In 1989, she joined the Atmospheric Research division of CSIRO (later becoming CMAR CSIRO Marine and Atmospheric Research). Whetton became a research leader in 1999 and a research program leader in 2009. Whetton was a Lead Author on the Third, Fourth, and Fifth Assessment Reports of the UN Intergovernmental Panel on Climate Change (IPCC). The Fourth Assessment Report of which was awarded the Nobel Peace Prize in 2007. Whetton distinguished 25-years at CSIRO, and was the lead author of three reports by the Intergovernmental Panel on Climate Change.

Whetton was an invited speaker at various climate change conferences such as the Aspen Global Change Institute, Australia in a Hot World at the University of Melbourne in 2011, and the Greenhouse 2011: The Science of Climate Change conference.

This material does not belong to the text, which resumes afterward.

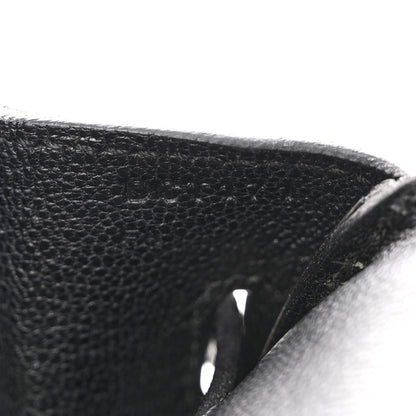 Hermes Epsom Birkin 30 Black 7 of 12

Whetton published numerous scientific journal articles on climate change as well as a contribution to more popular publications. Including some of her own work, "Potential impacts of climate change on soil organic carbon and productivity in pastures of south eastern Australia", "Seasonal and regional signature of the projected southern Australian rainfall reduction," and many more within ResearchGate.

==Personal life==
Whetton lived in Footscray, Victoria, with her wife Janet Rice, a Greens Senator and former Mayor of Maribyrnong, and their two children. In 2003, Whetton underwent gender-affirming surgery.

Whetton died on 11 September 2019 in Sisters Beach, Tasmania.